Silius T. Sluck

So, I put a title on this blog entry, but I've decided it (ie the title) will have nothing to do with the actual post. Because, see, this post is untameable, it's like runaway inflation, or a hard-to-spot solar eclipse that burns your face off just thinking about it. You can't put a label on this post, just like you can't put a label on a big yellow space wagon hurtling through the galactosphere, stopping at every intergalactic gas-n-gulp along the way. And so I call this post 'Silius T. Sluck'. Because, see, this post is like the sticky runoff from a jar of strawberry jam; it's the stubborn ooze that coagulates and crusts up around the lid, and so to set it straight you have to hold this post under a hot spray of water, to rinse away the annoying crap, and then you stick the jar in the fridge and you forget all about it, until the next time you make your famous 'heart-attack' strawberry waffles. And so you call upon the strawberry jam. Which is precisely the rationale behind this post.

Now, you may ask (though I doubt you will), 'Who is Silius T. Sluck'--'what kind of degenerate troubadour is he?' 'Does he remember to feed his dog?' 'Does he even have a dog?'

Yes, I assure you, Silius T. indeed does have a dog, and he always remembers to feed the beloved four-legger. And walk him. As it happens, Sluck's dog's name's McSilius, which in Scottish means, 'son of Silius'.
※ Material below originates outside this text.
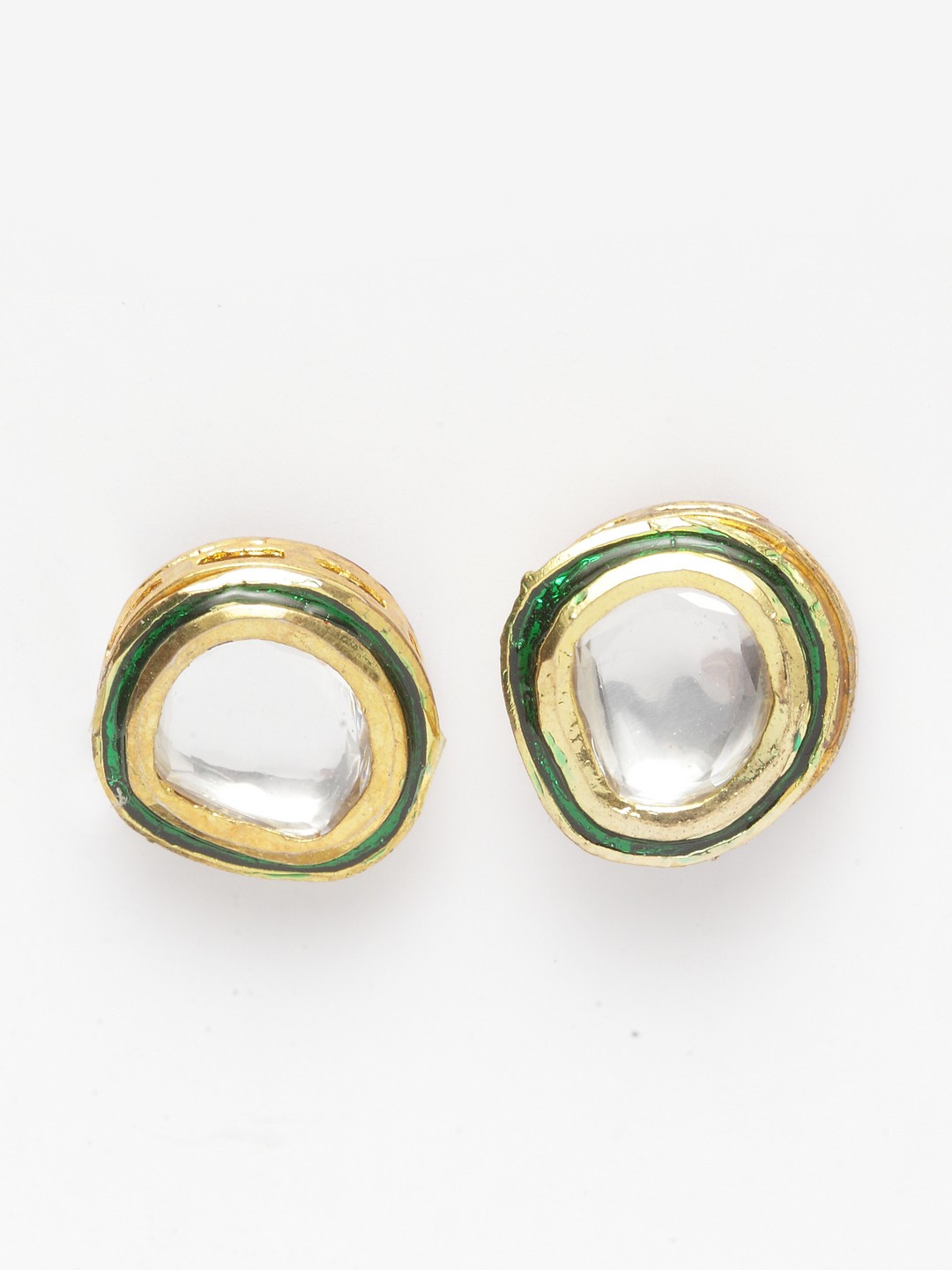 

DUGRISTYLE Sterling Silver Green & Gold-Plated Circular Studs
Now, you are no doubt not even thinking, 'What could be sillier than Silius T.?' The answer is: just about everything could be, but it rarely is.

So it turns out this whole post actually is about the title, ie the come-by-chance existence of one Silius T. Sluck. So I lied. Wow. In a way, it's like I just forced you to stare into a mind-numbing solar eclipse of pure stupidity, or something inane like that. I'm quite sorry, but when you (don't even) think about it--what could be sillier than this? The answer is nothing, Silius. I'm so very very sorry.